Институт востоковедения
Одновременно с этими горестными переживаниями меня наконец устроили на работу. О том, что я мыкаюсь, нигде не пристроенная, узнала «учительница первая моя» Н. Д. Лукина и сообщила об этом Зинаиде Ган, которая работала уже не у нас, а в Институте мировой литературы. Та вызвала меня к себе. Я отправилась на встречу с ней на улице Воровского — пошла не одна, а с дядей Моисеем, который был в то время в Москве и принимал во всем горячее участие. Зинаида Евгеньевна бросилась меня обнимать и целовать: Му little poet! («Мой маленький поэт!») Она дала мне в красивом конверте рекомендательное письмо к преподавательнице, работавшей в Институте востоковедения. Письмо это произвело на старушку должное впечатление — она мило побеседовала с дядей Моисеем и обещала непременно помочь мне.
Так я стала преподавателем английского языка в Московском институте востоковедения, в Сокольниках, Ростокинский проезд, 13а. И началась самая счастливая полоса моей жизни, длившаяся уже не дни или месяцы, а годы. Точнее, больше четырех лет.
Счастливым этот период был из-за работы, из-за состояния души — постоянного, пусть безответного, увлечения, чувства свободы. Были, конечно, и неприятные моменты, но они почти забылись, и все это время запомнилось как один солнечный день с легкими тучками.
Как я уже сказала, Институт востоковедения находился в Сокольниках, точнее, за Сокольническим парком, — небольшое красное с белым четырехэтажное здание расположилось среди сосен на высоком берегу Яузы. Вдоль небрежно вымощенного булыжником Ростокинского проезда стояли отдельные одноэтажные деревянные домики с садами, между ними были полянки с редкими соснами и березами. Ехать туда надо было от метро «Сокольники» трамваем № 4 остановок шесть. С работы мы обычно, если только позволяла погода, возвращались пешком через парк, в то время в этом дальнем своем конце совсем запущенный и тем более приятный.
Вообще-то я всегда боялась преподавательской работы. Я не была педагогом по призванию, и некоторое удовольствие мне доставляло только объяснять людям что-то для них новое, но отрабатывать, закреплять материал, а тем более требовать заученное было совершенно противно моей природе. В то же время я, конечно, была счастлива, что буду работать не в школе, а в институте, да еще таком хорошем.
К своему удивлению, я в самом начале обнаружила, что совершенно не знаю английской грамматики.

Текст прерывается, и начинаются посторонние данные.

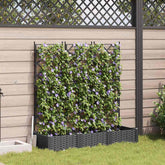 Garden Planter 3 pcs Black 47.24 x 15.75 x 49.41 in Plastic
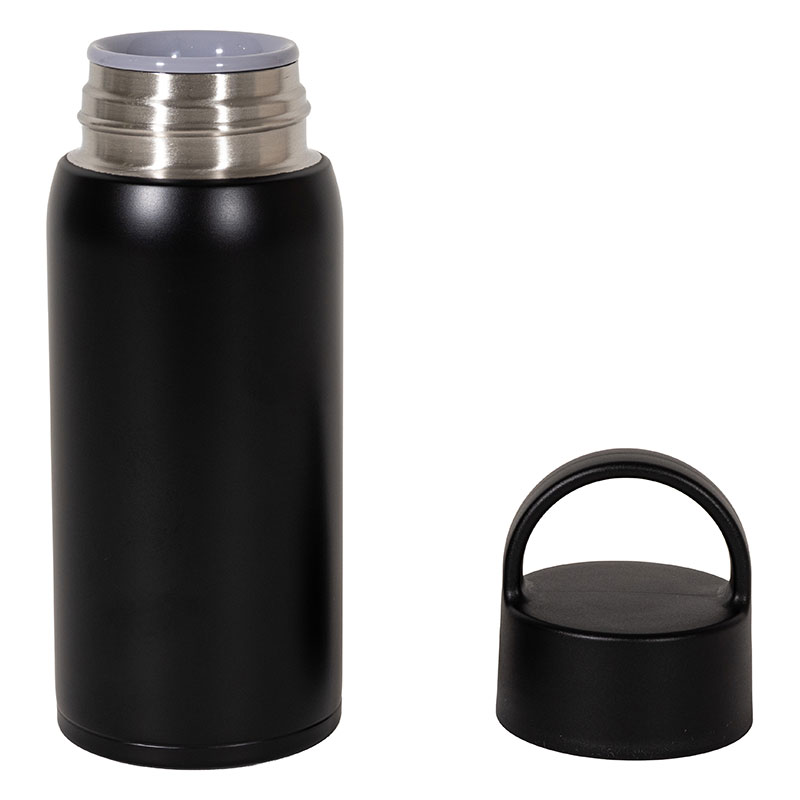 持ち手付 軽量ステンレスマグボトル スクリュータイプ 350ml 保温・保冷 ブラック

Пришлось все не только учить заново, но и придумывать, как лучше объяснить студентам. Хорошо еще, что нам выдавали лишь общий план и мы могли сами как угодно располагать материал, добавлять что-то, придумывать интересные виды работ, т. е. пользовались большой свободой.

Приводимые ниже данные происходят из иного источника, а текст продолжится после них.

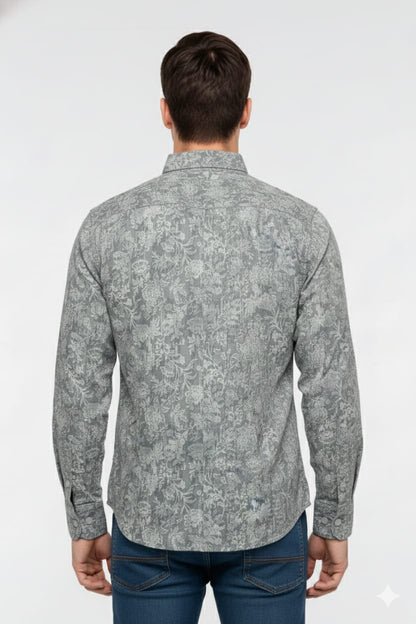 Men’s Grey Floral Print Casual Shirt – Slim Fit, Full Sleeves (Copy)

Несколько смущало меня то, что кафедра западных языков состояла процентов на восемьдесят из старушек от сорока пяти до семидесяти лет: первое время я их побаивалась. И когда одна из них, Болховитинова, руководительница первого курса, без предупреждения пришла ко мне на урок, я настолько испугалась, что стала, как на экзамене, говорить гораздо громче обычного. К своему ужасу, я провела весь урок совсем не так, как задумала, и, самое страшное, мне все время казалось, что студенты замечают, как неестественно и напряженно я себя веду. Болховитинова ушла минут за пять до конца урока, а я, как только прозвенел звонок, бросилась вниз в раздевалку и на улицу. На следующий день я боялась зайти на кафедру, но моя начальница подкараулила меня на лестнице и поманила пальцем. Дальше я выслушала первый — и, к счастью, последний — выговор в своей педагогической деятельности — выговор, впрочем, не за плохое ведение урока, а за то, что я вопиюще самоуверенна, не интересуюсь замечаниями старших и проявляю неуважение к начальству.

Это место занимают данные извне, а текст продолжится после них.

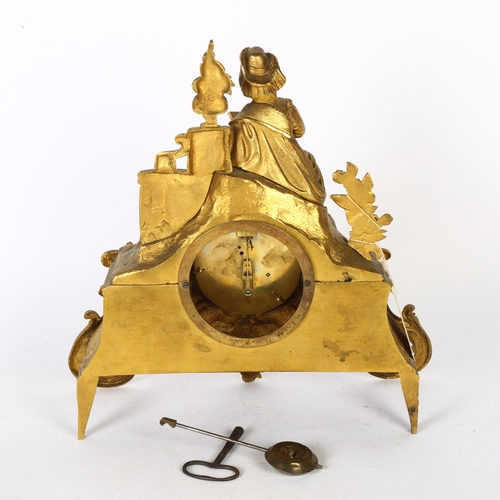 207 - An Antique gilt-bronze French mantel clock, 8-day movement, with key and pendulum, clock height 29cm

Студенческие группы в то время были большие, по 12–16 человек, примерно 2/5 девочек и 3/5 ребят, причем среди последних были парни и постарше меня, пришедшие после фронта. Одна моя группа, арабская, состояла почти сплошь из таких. Вообще, я до сих пор помню фамилии всех студентов этих моих первых групп, — «арабской» и «бенгальской». У каждой группы было по восемь часов английского языка в неделю, а нагрузка преподавателей была, трудно сейчас поверить, — всего 16 часов в неделю! Правда, так было только в первые два года моей работы, потом ввели 22–24 часа, а под конец у меня был даже период с 36 часами.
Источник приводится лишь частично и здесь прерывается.